EXERCISE PROMPT:
Reproduce the listing word for word, leaving every picture behind.
(DATA SEGMENT Opens)
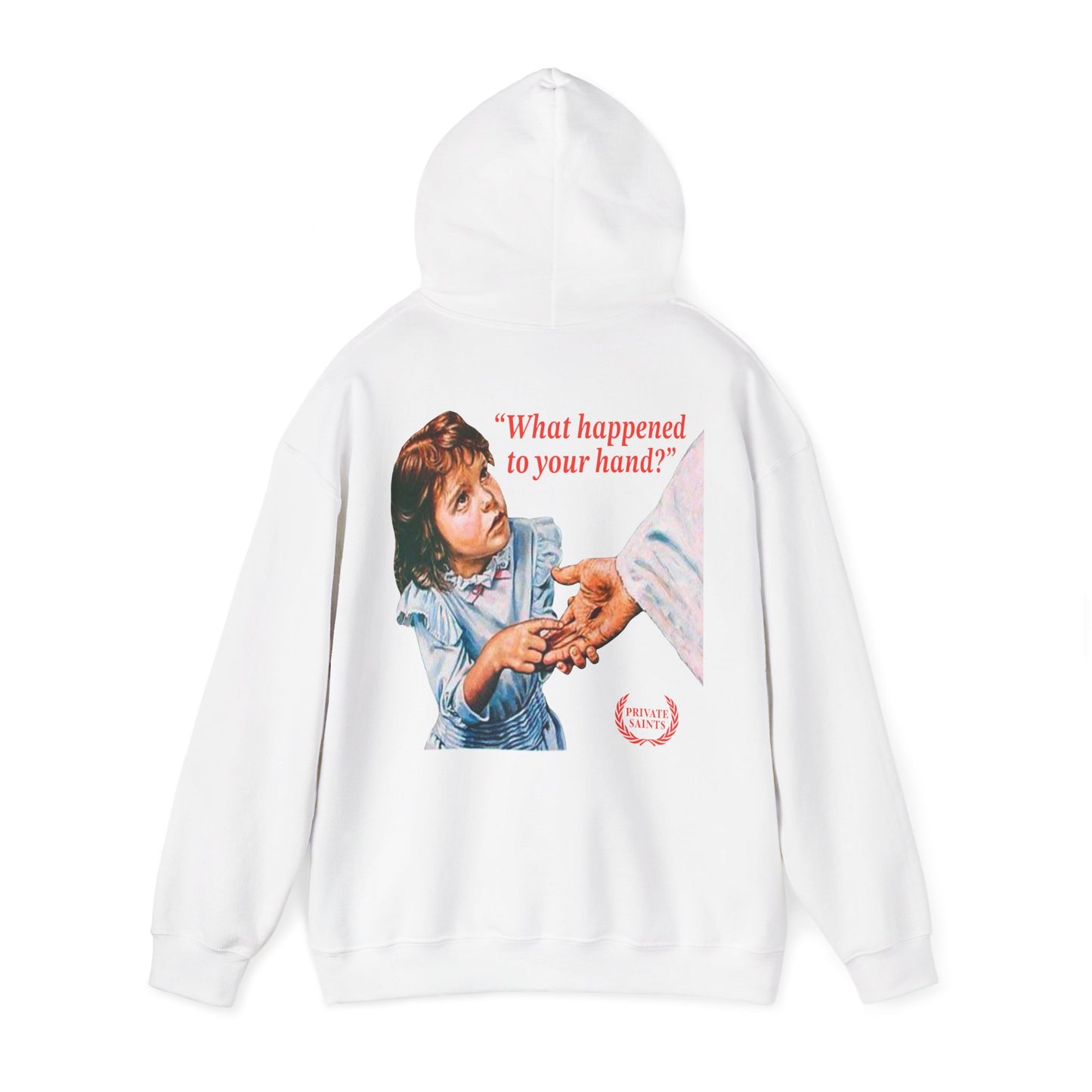 What happened to your hand?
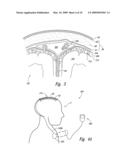 Electrode Configurations for Reducing Invasiveness and/or Enhancing Neural Stimulation Efficacy, and Associated Methods diagram and image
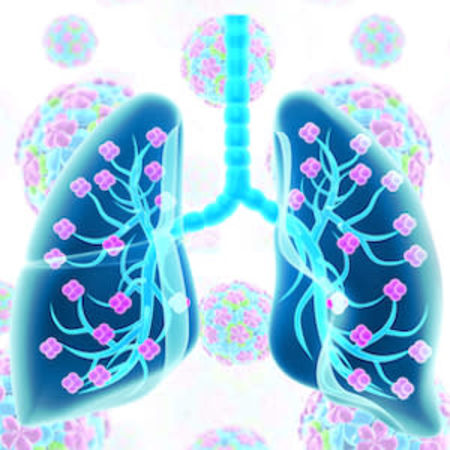 Selection Criteria for Lung Transplantation in COVID-19 Patients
(DATA SEGMENT Closes)
EXERCISE RESULT:
 What happened to your hand?
 Electrode Configurations for Reducing Invasiveness and/or Enhancing Neural Stimulation Efficacy, and Associated Methods diagram and image
 Selection Criteria for Lung Transplantation in COVID-19 Patients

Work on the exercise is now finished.